* [EXERCISE]:
All entries must be repeated exactly; do not include the pictures.

(Image-text web data)
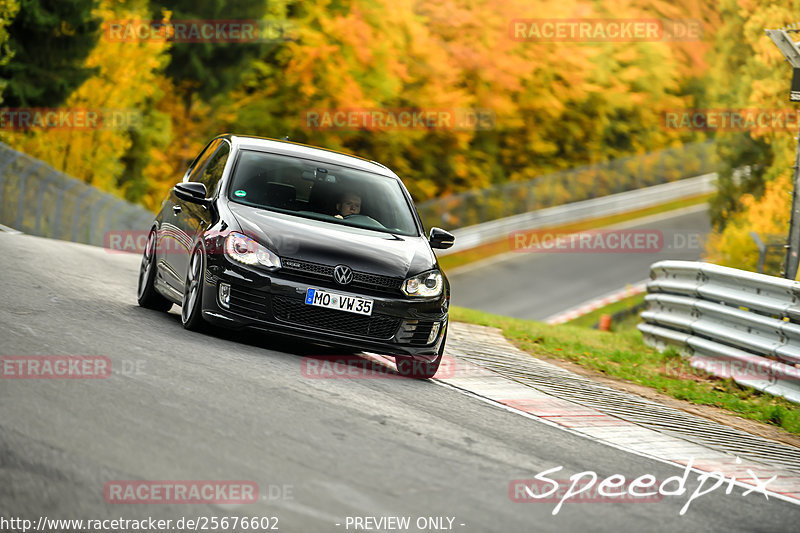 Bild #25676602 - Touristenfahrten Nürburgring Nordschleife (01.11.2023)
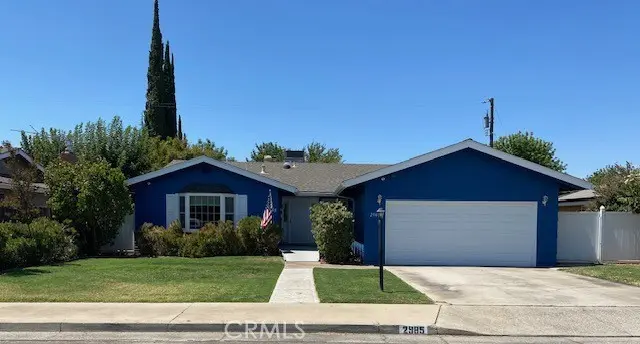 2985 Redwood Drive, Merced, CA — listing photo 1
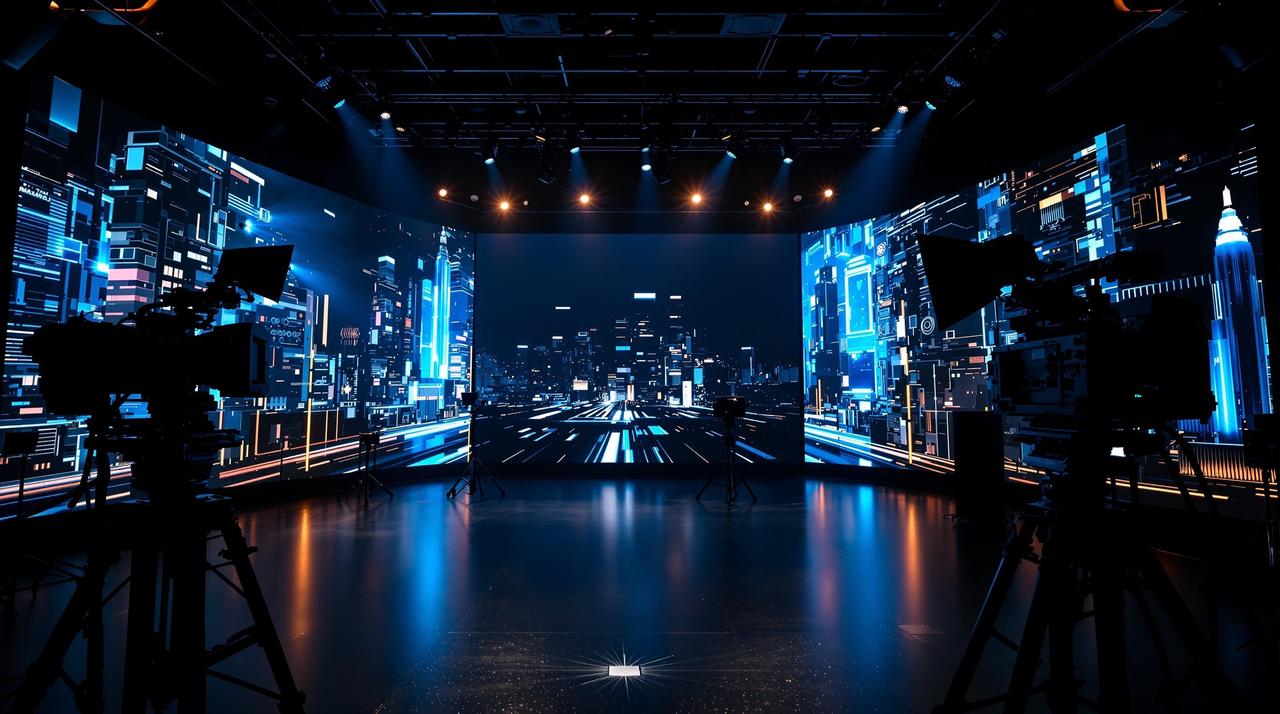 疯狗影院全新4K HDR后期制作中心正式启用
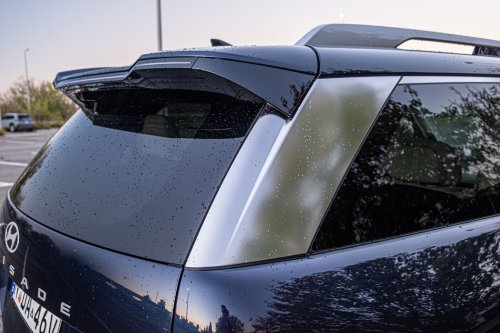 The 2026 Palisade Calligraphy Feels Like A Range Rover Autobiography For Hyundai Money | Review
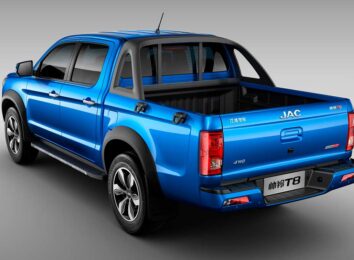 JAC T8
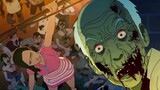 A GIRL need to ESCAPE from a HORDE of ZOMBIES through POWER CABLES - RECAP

* [ANSWER FOR THIS EXERCISE]:
 Bild #25676602 - Touristenfahrten Nürburgring Nordschleife (01.11.2023)
 2985 Redwood Drive, Merced, CA — listing photo 1
 疯狗影院全新4K HDR后期制作中心正式启用
 The 2026 Palisade Calligraphy Feels Like A Range Rover Autobiography For Hyundai Money | Review
 JAC T8
 A GIRL need to ESCAPE from a HORDE of ZOMBIES through POWER CABLES - RECAP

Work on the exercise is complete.